The district court did not abuse its discretion in ordering dissolution of the companies. The appellants argued that the district court abused its discretion in ordering the dissolution of the companies in the absence of sufficient findings. Since the district court found that the appellants failed to exercise the option to purchase within the parameters the district court ordered and that additional time would not likely achieve the buyout, dissolution was the only reasonable way for the respondents to obtain value for their ownership interests. The district court also found other options to be unfeasible. “Although some of the shareholders continued to receive benefit through their employment at the Companies, the court found that this benefit did not outweigh the impact of the shareholder deadlock and prejudicial conduct towards respondents.” The district court here made specific findings of irreconcilable shareholder deadlock and concluded that dissolution was the only reasonable option. The district court did not abuse its discretion.

The district court did not abuse its discretion in its valuation of the respondents’ shares. Here, the issue was valuation of the shares of a closely held corporation in a buyout. If the parties are unable to agree on a value, the court shall determine the value of the shares. “The court shall determine … the fair value of the shares, taking into account any and all factors the court finds relevant, computed by any method or combination of methods that the court, in its discretion, sees fit to use, whether or not used by the corporation or by a dissenter.” “[T]he district court has broad discretion and authority to determine the fair value of the shares in whatever way it deems appropriate.” The appellants argued that the independent appraiser “double counted” the going-concern valuation of QCW. The appraiser testified that he did not double count QCW’s value and explained why. The district court did not abuse its discretion in adopting the valuation of the companies from the special master’s report.

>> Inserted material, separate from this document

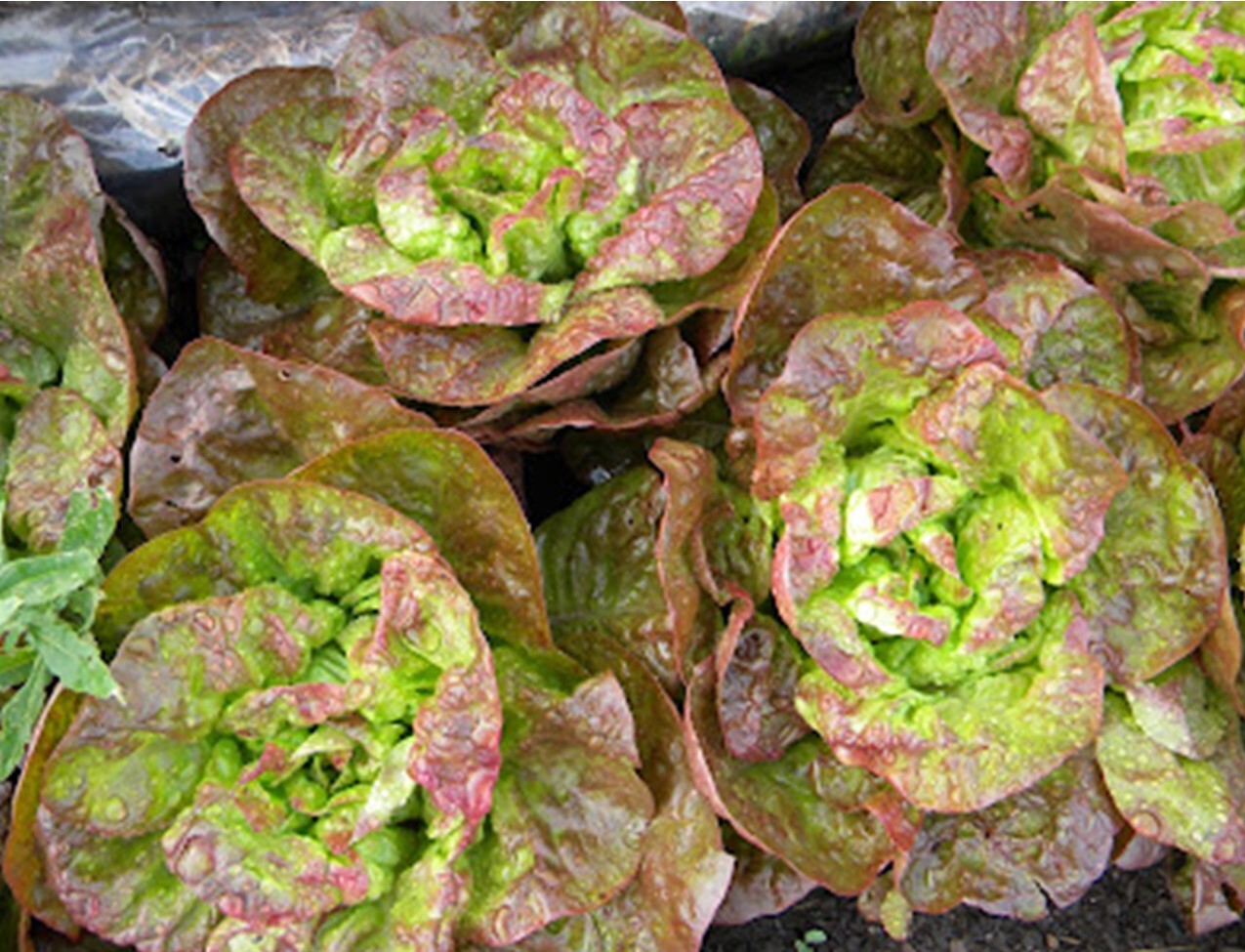 1000+ Marvel of Four Seasons Lettuce Seeds, OLD FRENCH FAVORITE HEIRLOOM,NON-GMO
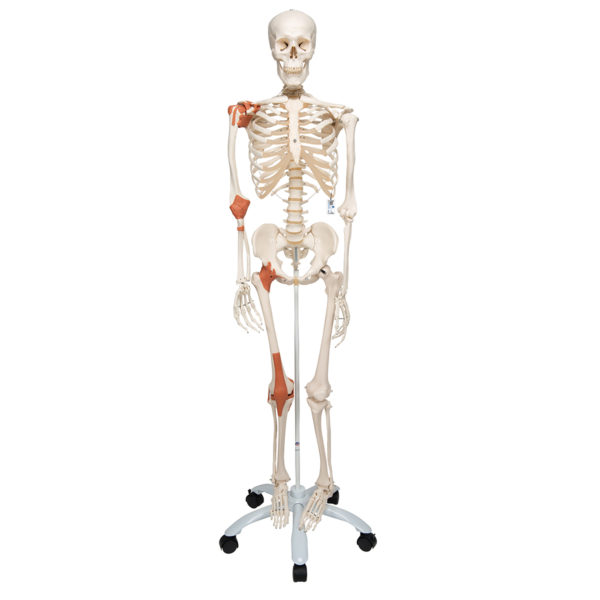 Model lidské kostry – s vazy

Court Reverses Its Order to Strike Expert Testimony That Utilized the Discounted Cash Flow Method in Valuing a Business

V5 Techs., LLC v. Switch, Ltd., 2021 U.S. Dist. LEXIS 216426; 2021 WL 5237228 (Nov. 8, 2021)

This case dealt with a motion to reconsider an order granting the defendant’s, Switch’s, motion to strike the expert testimony of J Douglas Zona (Zona). Zona submitted his calculation of Cobalt’s (i.e., V5 Tech’s) going-concern value as of 2015 when it went out of business using the discounted cash flow (DCF) method. Cobalt argued that the court erred in finding the DCF to be too speculative and asked the court to vacate its previous order. A motion for reconsideration is an “extraordinary remedy to be used sparingly.”

First, the court agreed with Cobalt that utilizing future lost profits was not improper. Notably, however, “[r]elying on future lost profits does not eliminate the rule that a party may not recover both future lost profits and going-concern value.” The DCF, in this case, required Zona to calculate future profits to a point in time and then discount them back to a present value. Zona believed that Cobalt would have received the necessary investments ($50 million) over a period of time. “This makes Zona’s reliance on the investment slightly less speculative and worthy of jury presentation.” The court decided presentation to a jury was the best procedure to follow and noted that Switch can make the same arguments to the jury that it made in its arguments in its motion to strike.

The plaintiff’s motion to reconsider was granted.